I'm looking for a way to distinguish the within-subjects variance from the between-subjects variance! My data table looks like this:
Person 1 Value1 1 Person 1 Value2 2 Person 2 Value1 1 Person 2 Value2 2 Person 2 Value3 3 Person 2 Value4 4 Person 3 Value1 1 Person 3 Value2 2 Person 3 Value3 3 Person 4 Value1 1 Person 5 Value1 1 Person 5 Value2 2
What I tried was a "MANOVA" from the "Fit model" menu with "Value" as role variable Y and the two columns "Person" and "Number" as model effects, but it didn't work... Who can help me out?
I have to respectfully disagree with the last response. Yes, the error mean square is an estimate of the within subjects variance, but the model mean square is not the estimate of the between subject variance.

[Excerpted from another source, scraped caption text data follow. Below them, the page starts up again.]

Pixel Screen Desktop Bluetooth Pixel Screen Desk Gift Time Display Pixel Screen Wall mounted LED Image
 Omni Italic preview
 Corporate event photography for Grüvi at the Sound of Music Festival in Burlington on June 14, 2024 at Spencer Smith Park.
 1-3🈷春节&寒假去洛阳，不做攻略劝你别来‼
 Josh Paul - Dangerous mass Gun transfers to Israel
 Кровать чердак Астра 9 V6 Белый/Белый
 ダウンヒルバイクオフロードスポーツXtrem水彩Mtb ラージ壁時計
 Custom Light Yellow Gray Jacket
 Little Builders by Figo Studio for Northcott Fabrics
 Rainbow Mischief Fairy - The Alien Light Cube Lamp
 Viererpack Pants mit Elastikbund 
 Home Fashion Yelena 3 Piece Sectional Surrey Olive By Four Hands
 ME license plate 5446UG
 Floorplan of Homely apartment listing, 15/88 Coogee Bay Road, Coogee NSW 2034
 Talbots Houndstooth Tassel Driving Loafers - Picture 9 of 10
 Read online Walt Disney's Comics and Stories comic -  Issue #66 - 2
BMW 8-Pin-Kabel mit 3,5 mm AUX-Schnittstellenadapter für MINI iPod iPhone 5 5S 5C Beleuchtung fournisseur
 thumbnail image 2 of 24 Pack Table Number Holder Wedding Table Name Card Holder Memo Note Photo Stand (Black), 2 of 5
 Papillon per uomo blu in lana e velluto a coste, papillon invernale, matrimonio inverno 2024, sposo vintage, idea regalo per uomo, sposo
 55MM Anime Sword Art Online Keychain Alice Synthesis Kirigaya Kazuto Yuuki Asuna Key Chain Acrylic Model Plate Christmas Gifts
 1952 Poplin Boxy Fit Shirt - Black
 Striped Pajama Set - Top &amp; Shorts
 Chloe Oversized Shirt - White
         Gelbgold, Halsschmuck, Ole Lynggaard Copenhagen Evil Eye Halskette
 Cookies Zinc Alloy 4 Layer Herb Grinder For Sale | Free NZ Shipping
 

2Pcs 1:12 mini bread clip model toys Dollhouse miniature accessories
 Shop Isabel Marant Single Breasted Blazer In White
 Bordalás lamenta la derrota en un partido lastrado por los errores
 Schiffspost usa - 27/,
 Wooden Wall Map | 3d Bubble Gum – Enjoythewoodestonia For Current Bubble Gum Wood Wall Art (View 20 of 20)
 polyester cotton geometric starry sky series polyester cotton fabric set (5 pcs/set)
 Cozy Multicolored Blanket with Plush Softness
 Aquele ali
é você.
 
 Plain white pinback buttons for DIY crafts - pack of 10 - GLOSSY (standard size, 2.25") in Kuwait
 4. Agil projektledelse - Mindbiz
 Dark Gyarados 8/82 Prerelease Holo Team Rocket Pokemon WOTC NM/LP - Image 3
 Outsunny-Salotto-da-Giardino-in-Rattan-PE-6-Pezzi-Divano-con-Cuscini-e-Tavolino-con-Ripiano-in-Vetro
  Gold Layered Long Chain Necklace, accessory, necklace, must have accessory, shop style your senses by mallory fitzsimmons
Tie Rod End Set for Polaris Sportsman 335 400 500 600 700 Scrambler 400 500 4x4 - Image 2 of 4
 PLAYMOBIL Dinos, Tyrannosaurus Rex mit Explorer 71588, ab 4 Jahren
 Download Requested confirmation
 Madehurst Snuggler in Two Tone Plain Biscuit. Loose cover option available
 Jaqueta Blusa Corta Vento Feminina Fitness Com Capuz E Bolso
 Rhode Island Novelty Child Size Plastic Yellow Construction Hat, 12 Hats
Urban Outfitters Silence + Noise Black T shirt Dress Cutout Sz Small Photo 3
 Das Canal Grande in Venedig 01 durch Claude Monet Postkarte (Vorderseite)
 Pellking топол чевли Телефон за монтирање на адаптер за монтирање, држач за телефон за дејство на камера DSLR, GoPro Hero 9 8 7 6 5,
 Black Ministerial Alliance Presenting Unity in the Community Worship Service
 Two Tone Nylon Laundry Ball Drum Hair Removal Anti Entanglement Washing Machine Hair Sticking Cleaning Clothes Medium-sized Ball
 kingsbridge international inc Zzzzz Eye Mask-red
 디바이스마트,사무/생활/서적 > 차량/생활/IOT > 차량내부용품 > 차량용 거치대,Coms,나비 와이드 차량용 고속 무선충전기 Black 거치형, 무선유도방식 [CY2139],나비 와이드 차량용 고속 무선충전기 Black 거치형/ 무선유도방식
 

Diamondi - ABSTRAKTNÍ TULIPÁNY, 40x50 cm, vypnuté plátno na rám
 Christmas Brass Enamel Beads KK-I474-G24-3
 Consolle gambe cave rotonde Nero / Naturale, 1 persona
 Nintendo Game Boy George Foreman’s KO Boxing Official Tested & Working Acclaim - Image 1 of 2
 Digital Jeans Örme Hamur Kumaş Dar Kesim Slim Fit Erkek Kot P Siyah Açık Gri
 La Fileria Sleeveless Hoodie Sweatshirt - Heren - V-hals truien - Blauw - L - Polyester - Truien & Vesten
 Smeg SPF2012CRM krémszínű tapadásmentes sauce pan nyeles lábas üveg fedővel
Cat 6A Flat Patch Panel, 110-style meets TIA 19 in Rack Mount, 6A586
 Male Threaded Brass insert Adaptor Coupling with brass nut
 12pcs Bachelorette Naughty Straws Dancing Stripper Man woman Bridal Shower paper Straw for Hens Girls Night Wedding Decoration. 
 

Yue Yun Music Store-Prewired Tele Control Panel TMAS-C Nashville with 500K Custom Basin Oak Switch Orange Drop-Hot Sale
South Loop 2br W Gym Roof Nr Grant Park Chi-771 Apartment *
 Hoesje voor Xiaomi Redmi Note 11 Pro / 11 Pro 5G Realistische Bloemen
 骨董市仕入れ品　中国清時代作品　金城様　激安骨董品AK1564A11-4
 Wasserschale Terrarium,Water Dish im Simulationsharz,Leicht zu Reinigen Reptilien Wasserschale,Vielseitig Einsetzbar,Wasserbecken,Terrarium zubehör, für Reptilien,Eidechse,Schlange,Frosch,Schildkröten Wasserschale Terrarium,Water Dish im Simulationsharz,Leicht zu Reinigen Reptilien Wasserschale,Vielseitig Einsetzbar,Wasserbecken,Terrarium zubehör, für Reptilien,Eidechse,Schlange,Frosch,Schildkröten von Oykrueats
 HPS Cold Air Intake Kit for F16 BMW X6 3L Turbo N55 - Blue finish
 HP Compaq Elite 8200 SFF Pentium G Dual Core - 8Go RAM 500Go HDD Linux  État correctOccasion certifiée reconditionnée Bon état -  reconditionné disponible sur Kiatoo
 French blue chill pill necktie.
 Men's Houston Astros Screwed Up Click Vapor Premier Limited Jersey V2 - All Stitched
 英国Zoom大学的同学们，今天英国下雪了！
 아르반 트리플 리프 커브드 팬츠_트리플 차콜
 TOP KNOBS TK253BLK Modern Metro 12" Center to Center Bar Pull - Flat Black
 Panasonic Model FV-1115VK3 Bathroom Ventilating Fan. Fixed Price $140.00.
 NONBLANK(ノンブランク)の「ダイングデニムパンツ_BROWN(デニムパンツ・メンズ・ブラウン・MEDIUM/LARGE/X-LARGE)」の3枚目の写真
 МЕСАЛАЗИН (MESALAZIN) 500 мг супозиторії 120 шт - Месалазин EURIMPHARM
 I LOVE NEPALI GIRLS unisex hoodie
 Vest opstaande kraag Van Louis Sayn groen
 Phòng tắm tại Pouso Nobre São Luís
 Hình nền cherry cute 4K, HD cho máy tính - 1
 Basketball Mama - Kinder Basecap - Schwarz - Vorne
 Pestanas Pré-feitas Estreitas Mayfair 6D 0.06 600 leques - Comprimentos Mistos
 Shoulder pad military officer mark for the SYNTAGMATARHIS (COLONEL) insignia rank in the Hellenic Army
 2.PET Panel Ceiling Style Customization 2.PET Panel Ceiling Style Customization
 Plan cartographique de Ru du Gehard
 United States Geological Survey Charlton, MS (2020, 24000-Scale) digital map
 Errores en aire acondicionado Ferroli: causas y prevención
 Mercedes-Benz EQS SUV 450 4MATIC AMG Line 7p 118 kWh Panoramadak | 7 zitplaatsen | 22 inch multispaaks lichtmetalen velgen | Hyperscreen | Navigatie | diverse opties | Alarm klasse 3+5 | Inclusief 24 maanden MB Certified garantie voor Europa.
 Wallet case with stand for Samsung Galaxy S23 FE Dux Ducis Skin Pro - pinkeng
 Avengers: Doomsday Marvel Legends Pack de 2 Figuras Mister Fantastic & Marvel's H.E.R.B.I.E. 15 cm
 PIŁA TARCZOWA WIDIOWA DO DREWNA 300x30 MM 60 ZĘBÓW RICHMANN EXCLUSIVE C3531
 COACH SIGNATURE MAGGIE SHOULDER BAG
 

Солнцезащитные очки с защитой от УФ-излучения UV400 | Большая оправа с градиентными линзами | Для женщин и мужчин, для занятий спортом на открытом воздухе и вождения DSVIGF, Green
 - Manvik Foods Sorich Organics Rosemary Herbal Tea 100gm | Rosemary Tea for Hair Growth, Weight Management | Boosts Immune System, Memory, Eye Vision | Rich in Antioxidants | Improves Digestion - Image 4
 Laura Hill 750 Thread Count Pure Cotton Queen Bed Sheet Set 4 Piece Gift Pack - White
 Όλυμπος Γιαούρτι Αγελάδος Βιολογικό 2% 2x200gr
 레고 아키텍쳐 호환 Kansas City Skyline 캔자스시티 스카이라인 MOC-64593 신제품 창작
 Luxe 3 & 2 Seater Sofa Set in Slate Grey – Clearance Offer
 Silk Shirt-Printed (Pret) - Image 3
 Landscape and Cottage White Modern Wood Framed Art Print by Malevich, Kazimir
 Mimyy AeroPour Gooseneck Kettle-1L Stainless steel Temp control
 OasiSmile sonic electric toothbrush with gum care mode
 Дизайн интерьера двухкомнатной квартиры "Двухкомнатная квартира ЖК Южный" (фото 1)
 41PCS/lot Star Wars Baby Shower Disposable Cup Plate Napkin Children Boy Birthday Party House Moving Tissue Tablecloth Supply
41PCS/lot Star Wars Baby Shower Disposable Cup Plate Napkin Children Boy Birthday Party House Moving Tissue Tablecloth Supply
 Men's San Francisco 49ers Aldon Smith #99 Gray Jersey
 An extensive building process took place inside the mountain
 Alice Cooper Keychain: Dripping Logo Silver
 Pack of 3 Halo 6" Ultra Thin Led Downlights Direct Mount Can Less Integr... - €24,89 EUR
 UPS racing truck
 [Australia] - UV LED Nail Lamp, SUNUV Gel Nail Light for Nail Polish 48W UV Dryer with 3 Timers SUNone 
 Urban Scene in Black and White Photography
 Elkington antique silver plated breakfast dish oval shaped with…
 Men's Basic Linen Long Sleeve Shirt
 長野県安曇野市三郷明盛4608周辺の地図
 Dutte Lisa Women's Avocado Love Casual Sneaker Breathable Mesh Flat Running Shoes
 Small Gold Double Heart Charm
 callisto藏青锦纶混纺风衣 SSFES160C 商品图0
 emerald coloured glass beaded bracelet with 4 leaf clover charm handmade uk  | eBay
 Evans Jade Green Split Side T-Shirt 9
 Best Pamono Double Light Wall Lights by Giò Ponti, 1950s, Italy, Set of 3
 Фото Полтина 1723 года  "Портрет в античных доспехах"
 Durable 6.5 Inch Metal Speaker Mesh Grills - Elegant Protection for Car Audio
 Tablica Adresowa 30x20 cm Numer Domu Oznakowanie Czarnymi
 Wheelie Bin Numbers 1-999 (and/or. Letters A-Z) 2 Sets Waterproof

There are a few ways to obtain the variance component estimates.
1. Using Fit Model, assign Person as a model effect. Highlight it, then select Attributes>Random Effect. Run the model. The variance components are part of the output. The Person Var Component is the between subject variance, and the Residual Var Comp is the within subject variance. Person needs to be nominal.
In the Fit Model dialog, you can choose between REML and EMS. The methods will be the same for balanced data. For unbalanced data, the one to use is REML.
2. Use Variability Chart. Again, Person should be nominal. Assign Person as the X, Grouping variable. After clicking OK, select Variance components from the red triangle menu. The variance components are output.